2 Techniques and Technologies in DLP

Several studies propose novel DLPS integrated by different techniques and technologies to try to ensure optimal protection of confidential information, this section gives an overview of the most used techniques and technologies in the papers relevant to this study.

2.1 Overview of techniques most commonly used in DLPS

2.1.1 Inteligents documents

This technique consists of encapsulating within the document both the data it contains and the security mechanisms to control the use of such data [20], [21]. The security mechanisms can be content deletion, content editing, content reading, or an authorized user to perform each operation. This technique makes it possible to record where, when, and by whom the content of the document is accessed [22]. It is a technique generally used in DRM systems and very useful in combination with DLPS.

2.1.2 Encryption

The most widely used technique in DLPS is cryptography, this is because it is the main basis of security and is based on the conversion of data from a readable format to an encrypted format. Any encryption algorithm is equivalent to a mutating substitution algorithm, the substitution unit being the concept of “block”, and the substitution table being something nonfixed (and therefore mutating). The robustness of the algorithm is given by the mutability, which prevents statistical attacks [3].

2.1.3 Hash

A widely used DLPS approach is exact file hash matching. This method is based on the verification of outbound traffic by comparing the hash values of the intercepted traffic and existing sensitive data [2]. If a match is detected between the values, a leak is detected by the system. This approach presents the problem that any modification of the original document may result in a completely different hash value, which would not allow the system to detect the confidential document [20].

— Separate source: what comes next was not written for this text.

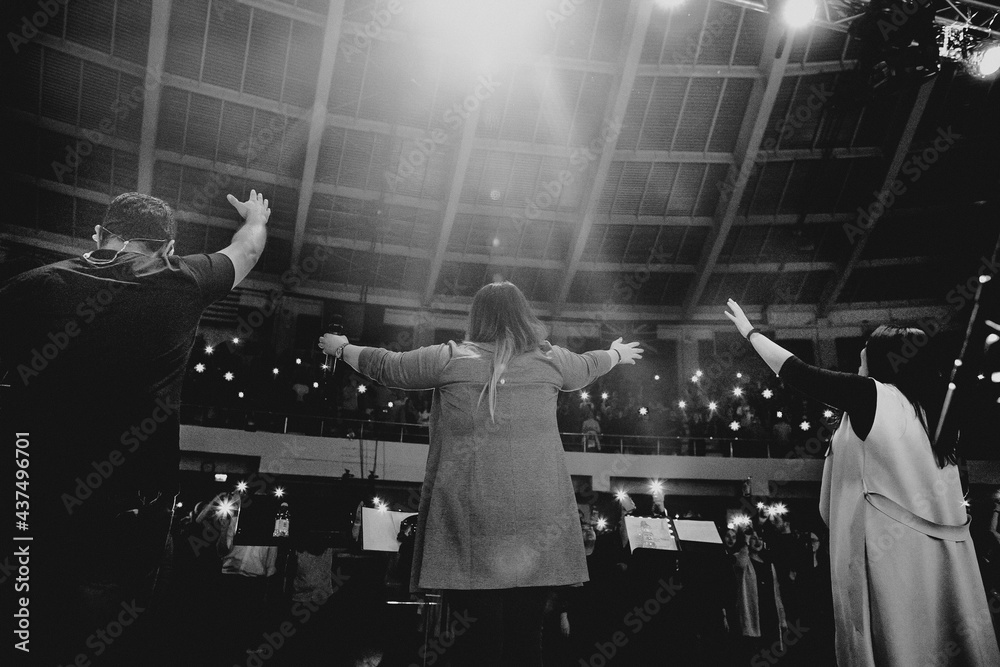 Christians raising their hands in praise and worship at a night music concert - obrazy, fototapety, plakaty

2.1.4 Virtual file system (VFS)

A VSF is an abstraction layer on top of a real file system (RFS), that is, an intermediate layer between system calls and the RFS driver [15]. They also provide the ability to perform operations before and after reading, writing, etc. In exchange for this intermediate “translation” between the applications and the actual file system, some of the original RFS performance is lost.

2.1.5 Challenges or context-based keys

Challenges replace a stored key with a calculated key, eliminating the security problem in key storage and distribution [3], [21], [22], in turn, allowing the user to be identified through biometric data, the location of the computer by nearby Wi-Fi signals or GPS, among other benefits that this technique allows.

2.1.6 Minifilters

Minifilters are low-level applications that run in Windows kernel mode and perform value-added functions (backup, encryption, monitoring, etc.) on filesystem operations (read, write, metadata modification, etc.) [23], [24], [25].

2.1.7 Biometric information

This technique is widely used in DLPS to identify the user accessing the information and thus try to ensure that it is a legitimate user with permissions to access the information [26], [27], [28].

2.1.8 Hypervisor

Hypervisor-based memory introspection, the approach looks for the presence of sensitive raw data in memory on both client and server machines, transcending the dependency on pre-existing security perimeters. This solution presents a high computational cost as a hypervisor-based tool consists of deploying one or more virtual machines to monitor system calls, which consumes too much hardware resources, such as memory and processing [29].

2.2 DRM for document protection

Digital Rights Management (DRM) systems, this term refers to a set of policies, techniques and tools that guide the proper use of digital content. A DRM system is based on ensuring that only intended recipients can view sensitive files regardless of their location. Thus, ensuring data protection beyond the boundaries controlled by DLP systems, so that an organization is always in control of its information [30], [31].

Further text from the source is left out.